Rubber Eyecup for Nikon D3400
If the rubber eyecup is knocked off while removing the camera from its bag, the replacement part model number is DK-25. There are also slightly less expensive aftermarket models available, such as those made by Vello or JJC.
Nikon D3400 Battery Dummy
A battery dummy is used to provide longer-term power to the camera. They’re particularly excellent for time-lapse photography, astrophotography, and using your D3400 as a webcam.
It’s an add-on that slots into the battery compartment of your camera. It does not supply power on its own, but it is connected to a wire that may be connected to other power sources such as AC power or a larger battery pack.
The official Nikon model is the EP-5A. Aftermarket versions are also available. Some merely provide the dummy battery, while others include AC adapters.
OUR FINAL THOUGHTS
Now that you know how to charge your Nikon camera, go out and take some pictures!
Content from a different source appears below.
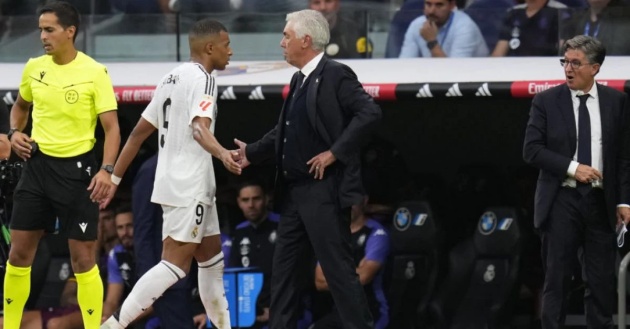 Mbappe đối mặt với nguy cơ phải ngồi dự bị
The last thing I want is for my readers to be frustrated with their new purchase. Go on – get out there and make the world a prettier place one photo at a time
FREQUENTLY ASK QUESTIONS
Is it possible to charge a Nikon camera without a battery charger?
Even if you don’t have a charger, you can charge the camera battery in an emergency.
Is it possible to charge a Nikon camera battery via USB?
Image for how to charge a Nikon camera
Many cameras nowadays allow you to charge the battery by plugging it into a USB power source. Instead, you must remove the battery from the camera, place it in an external charger, then connect the charger to a power source. The charger for the batteries in the D3400 is model MH-24.
What is the best way to see if my Nikon camera is charging?
Charging begins when the camera is linked to an electrical outlet while the battery is installed, as illustrated. While the battery is charging, the power-on lamp progressively glows green. When the charging is finished, the power-on lamp turns off.